When asked to provide access to my data by PLoS One I was fortunate in that I was using R and the RStudio IDE for my analysis. But even for the uninitiated, this platform provides an easy to learn literate programming platform for documenting your analyses (from data munging through to your final analyses and making pretty plots) using the ultra-easy to learn markup language, rmarkdown, and Yihui Xie’s awesome knitr package. You just have to push the ‘knit’ button when you are done. And if you are intimidated by R, there is a wealth of high-class, and mostly free, online learning material to get you going (e.g., DataCamp, CodeSchool). Not to mention the ever helpful community at stackoverflow.com; if you are having a problem, someone else probably has experienced a similar problem, and Googling your problem will send you to the answer.

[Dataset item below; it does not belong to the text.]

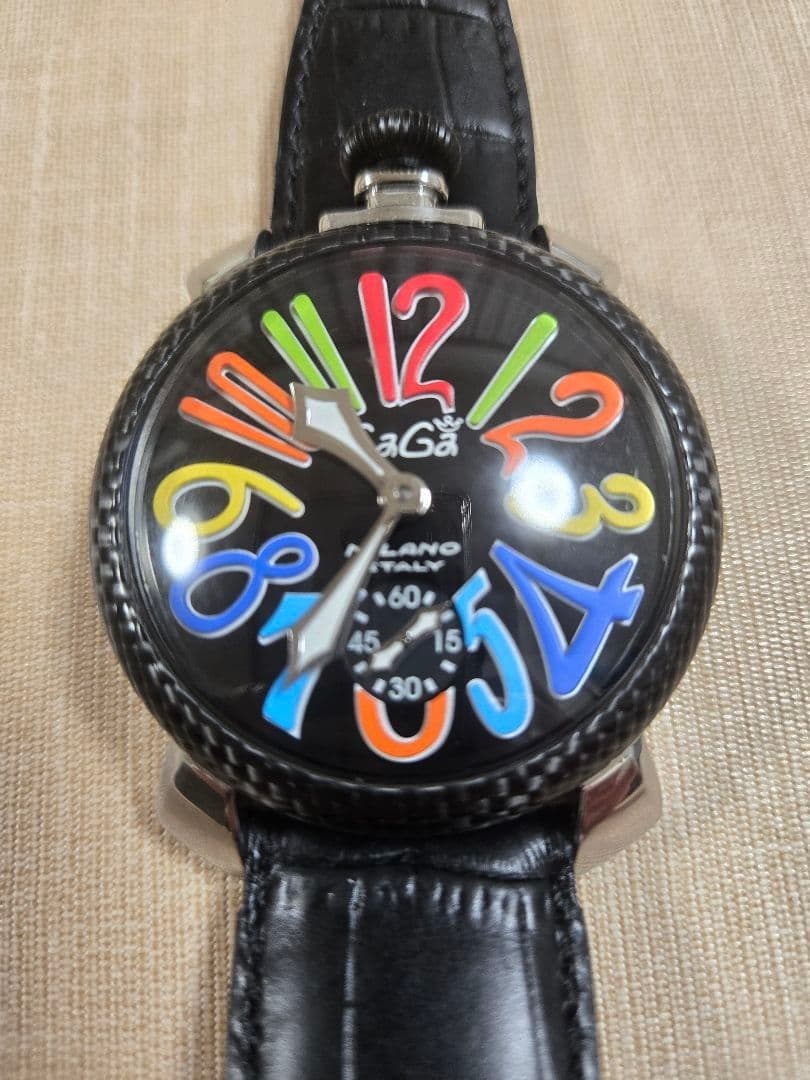 GaGa MILANO Manuale 48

To get your data and documentation online, there are numerous online resources available to host the material. I primarily use GitHub.com, which is used mainly by programmers and data scientists. It’s free, it is designed to facilitate collaboration and sharing, it allows version control, licenses can be assigned, private repositories are available for while you are working on the data, it can generate simple webpages for each project. As examples, follow these links to the original github repository and the simple github-generated webpage for the study I mentioned earlier (please forgive me, only the cleaned data are posted - I was new to this). If you want a DOI for your work, there are many free services that will provide you with one (e.g., Zenodo.com, Figshare.com).
Data drives innovation, and I believe that progress in the field of pain would be greatly enhanced if we were afforded the opportunity to directly interact with others researchers’ data, and combine and directly compare it to our data or data from other sources.